Los Angeles Times
September 19, 2004
The increasing deaths and injuries in Iraq demand explanations and concrete plans to solve the problems, not more pie-in-the-sky statements from President Bush and Vice President Dick Cheney. With more than 1,000 U.S. soldiers dead and others unable even to enter many cities, this is not a time for pretense.
Cheney's comparisons Thursday between current events in Iraq and the United States' 13-year struggle for a constitution and democratically elected government following the Declaration of Independence are naive, except as a reminder of how hard people will fight to evict foreign troops. Nor is there much evidence to support Bush's claim that Iraq now has a strong prime minister. The president's enthusiasm for elections in January is genuine, but if the security situation stays this bad, meaningful balloting will be impossible.
Iraqis blame U.S. soldiers and Marines for everything that goes wrong, even when troops are nowhere near. When military expeditions do go awry, as happened when a U.S . helicopter fired into a crowded Baghdad street this week and killed more than a dozen civilians, the outrage is palpable.
Insurgents, buoyed by their success in turning cities like Fallouja, Ramadi and Samarra into "no-go" zones for U.S. troops, increased attacks this week even in Baghdad. The unity among common criminals, ex-soldiers in Saddam Hussein's army and Muslims from outside Iraq is ominous. The U.S. cannot declare any kind of victory until its troops or Iraqi security forces can enter all cities. U.S. officials should give a timetable, however rough, to meet that goal.
Also needed is a realistic schedule for training Iraqi security forces. In April, when U.S. forces scrapped plans to assault Fallouja, the Marines announced they would form an all-Iraqi force to restore order in the city. But some Iraqi soldiers wound up working with guerrillas, and last week the Fallouja brigade was dissolved. An attempt to recruit police ended tragically this week when a bomb exploded amid a crowd of Iraqis in line to join up, killing 47 people.

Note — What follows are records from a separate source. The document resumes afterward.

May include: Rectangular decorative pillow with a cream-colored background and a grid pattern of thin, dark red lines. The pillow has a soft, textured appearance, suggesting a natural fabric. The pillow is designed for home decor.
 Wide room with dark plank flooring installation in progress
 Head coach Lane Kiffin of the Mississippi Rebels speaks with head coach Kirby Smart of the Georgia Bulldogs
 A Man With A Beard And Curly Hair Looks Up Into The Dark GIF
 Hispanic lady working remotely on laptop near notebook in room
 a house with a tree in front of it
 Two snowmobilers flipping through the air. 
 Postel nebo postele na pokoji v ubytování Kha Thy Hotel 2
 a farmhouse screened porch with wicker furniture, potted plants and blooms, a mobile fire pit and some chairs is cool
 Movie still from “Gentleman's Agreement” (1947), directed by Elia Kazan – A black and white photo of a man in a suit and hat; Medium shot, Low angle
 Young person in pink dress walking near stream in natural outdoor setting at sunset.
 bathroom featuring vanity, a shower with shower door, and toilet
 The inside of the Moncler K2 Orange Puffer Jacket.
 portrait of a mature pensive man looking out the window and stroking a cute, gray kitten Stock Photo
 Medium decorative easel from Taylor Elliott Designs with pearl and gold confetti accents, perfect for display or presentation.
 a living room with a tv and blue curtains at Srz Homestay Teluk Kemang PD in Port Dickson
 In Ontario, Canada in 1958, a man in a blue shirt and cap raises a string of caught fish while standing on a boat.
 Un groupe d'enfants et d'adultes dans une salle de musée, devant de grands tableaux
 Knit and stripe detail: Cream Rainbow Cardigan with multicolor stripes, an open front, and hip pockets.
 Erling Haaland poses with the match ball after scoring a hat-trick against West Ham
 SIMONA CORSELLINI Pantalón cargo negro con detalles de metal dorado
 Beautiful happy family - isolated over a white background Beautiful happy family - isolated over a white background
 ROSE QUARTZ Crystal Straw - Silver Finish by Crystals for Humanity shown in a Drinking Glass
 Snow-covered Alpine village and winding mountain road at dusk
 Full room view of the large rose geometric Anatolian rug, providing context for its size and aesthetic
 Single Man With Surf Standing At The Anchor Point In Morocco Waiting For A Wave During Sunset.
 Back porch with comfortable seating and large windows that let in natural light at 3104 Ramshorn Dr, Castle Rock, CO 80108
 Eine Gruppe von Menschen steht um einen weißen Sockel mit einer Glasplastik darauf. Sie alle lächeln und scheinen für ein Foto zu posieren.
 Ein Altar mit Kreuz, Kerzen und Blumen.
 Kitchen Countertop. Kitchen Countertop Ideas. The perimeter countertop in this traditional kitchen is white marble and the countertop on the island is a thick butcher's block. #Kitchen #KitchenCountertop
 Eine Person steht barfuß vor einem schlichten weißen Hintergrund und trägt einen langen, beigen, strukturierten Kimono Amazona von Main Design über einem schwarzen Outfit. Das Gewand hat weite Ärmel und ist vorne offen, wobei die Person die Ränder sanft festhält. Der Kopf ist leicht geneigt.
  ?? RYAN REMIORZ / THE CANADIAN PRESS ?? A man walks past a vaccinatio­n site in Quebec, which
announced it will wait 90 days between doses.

How many Iraqis are envisioned for an army or a police force? How long will training take? How will they be protected during training and afterward? How much will it cost? The administration already has proposed diverting $3.4 billion of the $18.4 billion that Congress authorized last November to rebuild the country to train security forces and provide some jobs. Whether it will be enough is an open question.
It is tempting in a presidential election year to duck hard questions, especially when earlier claims were wrong: Iraqi support for U.S. troops ended quickly; no weapons stockpiles were found; not enough troops were provided to secure the country. But Americans can handle bad news and be patient if leaders explain the goals and how to achieve them. Pretending all is going well when the evidence clearly shows that it isn't erodes confidence in government.